In [20]:
import chromadb
from typing import List
from dotenv import load_dotenv
from llama_index.vector_stores.chroma import ChromaVectorStore
from llama_index.core.schema import Document, TextNode
from llama_index.core import VectorStoreIndex, SimpleDirectoryReader, StorageContext, Settings
from llama_index.core.node_parser import MarkdownNodeParser, SentenceSplitter
from llama_index.llms.openai import OpenAI
from llama_index.embeddings.openai import OpenAIEmbedding

In [2]:
load_dotenv()

True

In [3]:
class HybridMarkdownSentenceParser:
    def __init__(self, chunk_size: int = 512, chunk_overlap: int = 50):
        self.markdown_parser = MarkdownNodeParser()
        self.sentence_splitter = SentenceSplitter(chunk_size=chunk_size, chunk_overlap=chunk_overlap)

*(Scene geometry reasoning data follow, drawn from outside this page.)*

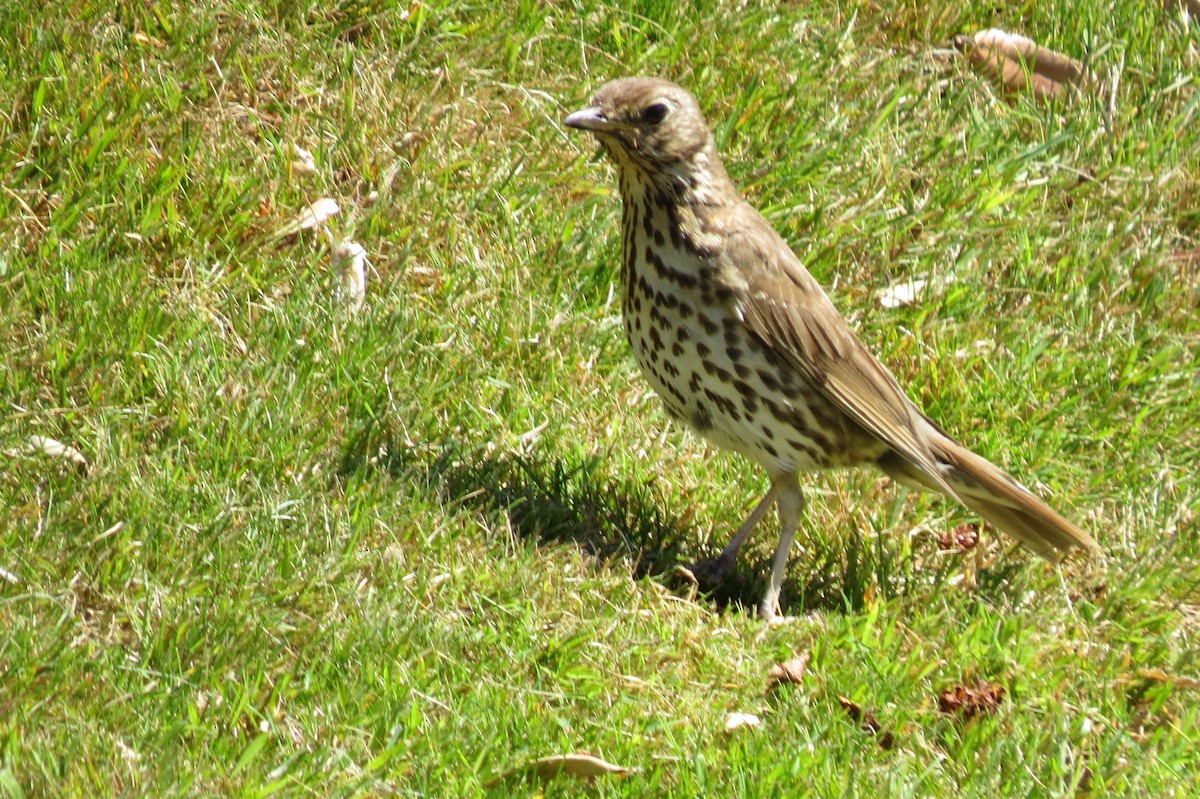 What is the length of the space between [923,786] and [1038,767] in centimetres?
37

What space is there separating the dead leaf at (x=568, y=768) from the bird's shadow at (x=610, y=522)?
3.46 feet

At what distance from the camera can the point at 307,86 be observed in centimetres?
676

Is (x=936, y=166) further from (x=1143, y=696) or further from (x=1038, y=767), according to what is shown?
(x=1038, y=767)

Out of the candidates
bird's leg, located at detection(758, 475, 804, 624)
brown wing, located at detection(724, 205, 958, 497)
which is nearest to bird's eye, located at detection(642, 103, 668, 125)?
brown wing, located at detection(724, 205, 958, 497)

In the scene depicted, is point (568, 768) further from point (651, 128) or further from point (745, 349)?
point (651, 128)

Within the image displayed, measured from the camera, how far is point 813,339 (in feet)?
19.6

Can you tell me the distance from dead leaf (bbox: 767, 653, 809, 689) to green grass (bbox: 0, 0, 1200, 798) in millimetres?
79

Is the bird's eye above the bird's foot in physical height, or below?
above

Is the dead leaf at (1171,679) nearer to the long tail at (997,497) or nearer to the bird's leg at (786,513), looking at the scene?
the long tail at (997,497)

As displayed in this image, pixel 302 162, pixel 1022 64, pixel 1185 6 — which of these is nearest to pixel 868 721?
pixel 302 162

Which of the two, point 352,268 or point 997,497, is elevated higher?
point 997,497

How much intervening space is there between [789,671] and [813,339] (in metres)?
1.24

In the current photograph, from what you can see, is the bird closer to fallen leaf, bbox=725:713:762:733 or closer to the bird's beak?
the bird's beak

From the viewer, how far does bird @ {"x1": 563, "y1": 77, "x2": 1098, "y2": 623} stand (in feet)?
18.8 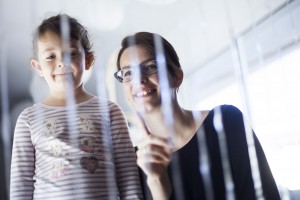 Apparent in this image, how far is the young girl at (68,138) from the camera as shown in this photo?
0.61m

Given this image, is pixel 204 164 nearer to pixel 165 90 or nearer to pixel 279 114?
pixel 165 90

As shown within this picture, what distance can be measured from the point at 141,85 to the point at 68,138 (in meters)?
0.19

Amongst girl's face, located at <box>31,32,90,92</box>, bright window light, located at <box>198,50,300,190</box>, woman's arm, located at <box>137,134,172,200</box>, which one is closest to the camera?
woman's arm, located at <box>137,134,172,200</box>

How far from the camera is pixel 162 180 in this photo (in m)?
0.59

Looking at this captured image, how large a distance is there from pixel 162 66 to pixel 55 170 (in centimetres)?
32

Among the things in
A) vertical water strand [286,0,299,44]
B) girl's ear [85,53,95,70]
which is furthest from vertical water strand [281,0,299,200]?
girl's ear [85,53,95,70]

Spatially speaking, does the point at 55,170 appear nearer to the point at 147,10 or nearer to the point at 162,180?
the point at 162,180

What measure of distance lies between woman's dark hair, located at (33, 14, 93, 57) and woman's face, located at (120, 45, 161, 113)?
0.09m

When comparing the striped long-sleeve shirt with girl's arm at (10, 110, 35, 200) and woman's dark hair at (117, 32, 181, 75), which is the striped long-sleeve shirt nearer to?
girl's arm at (10, 110, 35, 200)

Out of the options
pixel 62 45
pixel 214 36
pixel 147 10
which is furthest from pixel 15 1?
pixel 214 36

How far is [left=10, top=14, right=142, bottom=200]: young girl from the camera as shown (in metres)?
0.61

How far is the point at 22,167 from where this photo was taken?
640 millimetres

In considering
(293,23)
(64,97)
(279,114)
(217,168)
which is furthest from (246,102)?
(64,97)

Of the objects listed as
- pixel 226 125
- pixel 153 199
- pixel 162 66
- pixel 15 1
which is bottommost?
pixel 153 199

    def get_nodes_from_documents(self, documents: List[Document]) -> List[TextNode]:
        # First, parse the documents using the Markdown parser
        markdown_nodes = self.markdown_parser.get_nodes_from_documents(documents)
        final_nodes = []

        for node in markdown_nodes:
            # If the node's text exceeds the chunk size, split it further
            if len(node.text.split()) > self.sentence_splitter.chunk_size:
                # Create a temporary Document for sentence splitting
                temp_doc = Document(text=node.text)
                # Split the text into smaller chunks
                split_nodes = self.sentence_splitter.get_nodes_from_documents([temp_doc])
                # Preserve metadata from the original node
                for split_node in split_nodes:
                    split_node.metadata.update(node.metadata)
                final_nodes.extend(split_nodes)
            else:
                final_nodes.append(node)

        return final_nodes

In [4]:
# Load your Markdown documents
documents = SimpleDirectoryReader("data").load_data()

# Initialize the hybrid parser
hybrid_parser = HybridMarkdownSentenceParser(chunk_size=512, chunk_overlap=50)

# Generate nodes using the hybrid parser
nodes = hybrid_parser.get_nodes_from_documents(documents)

In [5]:
chroma_client = chromadb.PersistentClient()
chroma_collection = chroma_client.get_or_create_collection("recipes_for_science")
vector_store = ChromaVectorStore(chroma_collection=chroma_collection)
storage_context = StorageContext.from_defaults(vector_store=vector_store)
index = VectorStoreIndex(nodes, storage_context=storage_context)

In [17]:
llm = HuggingFaceInferenceAPI(model_name="Qwen/Qwen2.5-Coder-32B-Instruct")
query_engine = index.as_chat_engine(llm=llm)

NameError: name 'HuggingFaceInferenceAPI' is not defined

In [14]:
response = query_engine.query("In what year did Herschel observe sunspots?")

In [15]:
print(response.response)

Herschel observed sunspots at some point during his investigations, but the specific year in which he made this observation is not provided in the context information.